The pep_cores_mapping.csv contains all the information from the initial evidence file. In addition there are the following columns:

column	description
whole_epitopes	A list of all sequences of epitopes to which the peptide of the row contributes.
core_epitopes	A list of all core sequences of epitopes to which the peptide of the row contributes.
proteome_occurrence	A list containing protein accessions and sequence positions at which the core epitope occurs in the proteome.
total_core_intensity	A list containing the intensity of each epitope. The intensity of an epitope is computed as the sum of the intensities of peptides that contribute to that epitope.
relative_core_intensity	A list containing the relative intensity of each epitope. The relative intensity of an epitope is the intensity of the epitope divided by the sum of all intensities in the provided evidence file.

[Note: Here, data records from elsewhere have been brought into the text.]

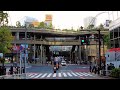 Tokyo Shibuya From Shinjuku,Harajuku,Omotesando - Driving tour[4K]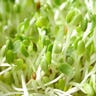 Alfalfa Sprouts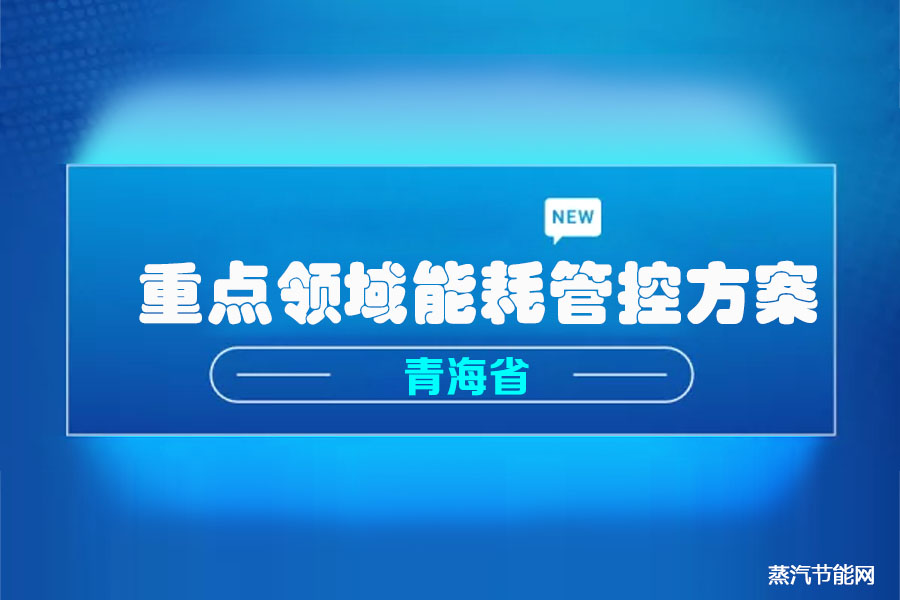 青海省“十四五”重点领域能耗管控方案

epitope_intensity_hist.svg

The plot visualizes how many peptides contribute to a core epitope.

length_distributions.svg

The plot visualizes the length distribution of the original peptides and the computed core epitopes.

report.html

The report file summarizes some of the results. Among other things it includes two histograms visualizing the peptide and epitope length distribution and shows the ten epitopes with the highest number of mapped peptides.

landscape visualization

An example landscape visualization of a protein generated with the plot-landscape command: The height indicates how many peptides are mapped to a position in the proteome. The different colors indicate different epitopes. Lighter areas of a color indicate how many peptides are associated with the epitope. The more intense region indicate the core epitope.

Workflow

1. Identification of the location of all peptides in the proteome.
2. Group peptides whose start position does not differ by more than max_step_size amino acids or whose overlap is larger than min_overlap. max_step_size and min_overlap are parameters that can be specified by the user.
3. Identify epitope sequences,V as the sequence of each peptide group.
4. For each peptide sequence, identify the core epitope sequence. The core epitope sequence is defined as the sequence region that has the highest peptide mapping count while having a minimum length of min_epi_length amino acids.

Citation

Epicore is an adaption from the tool developed by Álvaro-Benito et al.[1].
[1] Álvaro-Benito, Miguel, et al. "Quantification of HLA-DM-dependent major histocompatibility complex of class II immunopeptidomes by the peptide landscape antigenic epitope alignment utility." Frontiers in immunology 9 (2018): 872.